Cox® Technic Flexion-Distraction and Decompression Adjusting is doctor-administered and doctor-controlled spinal manipulation.  Certified chiropractic physicians in Cox® Technic are trained to treat patients using defined protocols which stem from carefully observed and documented  outcomes.

In federally funded research studies (conducted between chiropractic and medical research centers:

  • National University of Health Sciences
  • Palmer College of Chiropractic Research Center
  • Loyola Stritch School of Medicine
  • Auburn University (grad student)
  • University of Iowa
  • University of Illinois
  • Hines VA Hospital
  • etc.),

 flexion-distraction (F/D) has been shown to

  • drop intradiscal pressures to as low as -39mmHg to -192mmHg, and
  • increase the foraminal area by 28%.

F/D is a chiropractor-administered adjustment, delivered to the specific spinal level required. This is necessary to deliver the spinal decompression and chiropractic adjustment to the specific segment involved and to relieve the hypomobility and altered segmental dysfunction of disc herniation and spinal stenosis condition.

Consider this paper on "decompression traction" and compare to F/D clinical outcomes:

source: Schimmel, JJP; de Kleuver, M; Horsting, PP; Spruit, M; Jacobs, WCH; van Limbeek, J. No effect of traction in patients with low back pain: a single centre, single blind, randomized controlled trial of Intervertebral Differential Dynamics Therapy. EUROPEAN SPINE JOURNAL 18 (12). DEC 2009. P.1843-1850

Intervertebral Differential Dynamics Therapy (IDD therapy) was compared to sham treatment. IDD Therapy consists of intermittent traction sessions in the Accu-SPINA device (Steadfast Corporation Ltd, Essex, UK), an FDA approved, class II medical device. The intervertebral disc and facet joints are unloaded through axial distraction, positioning and relaxation cycles.
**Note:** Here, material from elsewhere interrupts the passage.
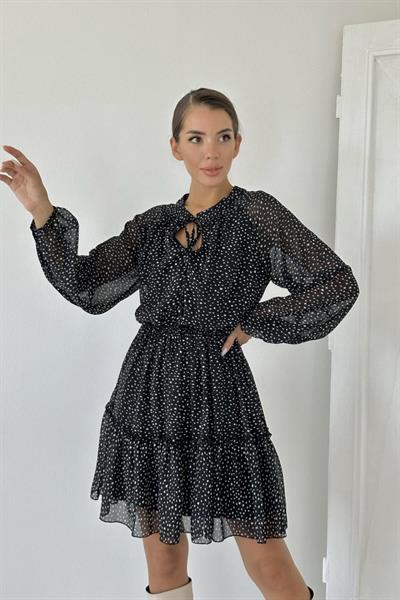 Siyah Eteği Katlı Puantiyeli Elbise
In a single blind, single centre, randomized controlled trial; 60 consecutive patients were assigned to either the SHAM or the IDD Therapy. All subjects received the standard conservative therapeutic care (graded activity) and 20 sessions in the Accu-SPINA device. The traction weight in the IDD Therapy was systematically increased until 50% of a person's body weight plus 4.45 kg (10 lb) was reached. The SHAM group received a non-therapeutic traction weight of 4.45 kg in all sessions. The main outcome was assessed using a 100-mm visual analogue scale (VAS) for LBP. Secondary outcomes were VAS scores for leg pain, Oswestry Disability Index (ODI), Short-Form 36 (SF-36). All parameters were measured before and 2, 6 and 14 weeks after start of the treatment. Fear of (re)injury due to movement or activities (Tampa Scale for Kinesiophobia), coping strategies (Utrecht Coping List) and use of pain medication were recorded before and at 14 weeks. A repeated measures analysis was performed.
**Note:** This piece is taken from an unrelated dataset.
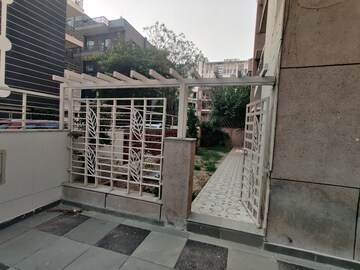 4 BHK Builder Floor For Sale in Unitech South City II, Sector 50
The two groups were comparable at baseline in terms of demographic, clinical and psychological characteristics, indicating that the random allocation had succeeded. VAS low back pain improved significantly from 61 (+/- 25) to 32 (+/- 27) with the IDD protocol and 53 (+/- 26) to 36 (+/- 27) in the SHAM protocol. Moreover, leg pain, ODI and SF-36 scores improved significantly but in both groups. The use of pain medication decreased significantly, whereas scores for kinesiophobia and coping remained at the same non-pathological level. None of the parameters showed a difference between both protocols. Both treatment regimes had a significant beneficial effect on LBP, leg pain, functional status and quality of life after 14 weeks. The added axial, intermittent, mechanical traction of IDD Therapy to a standard graded activity program has been shown not to be effective.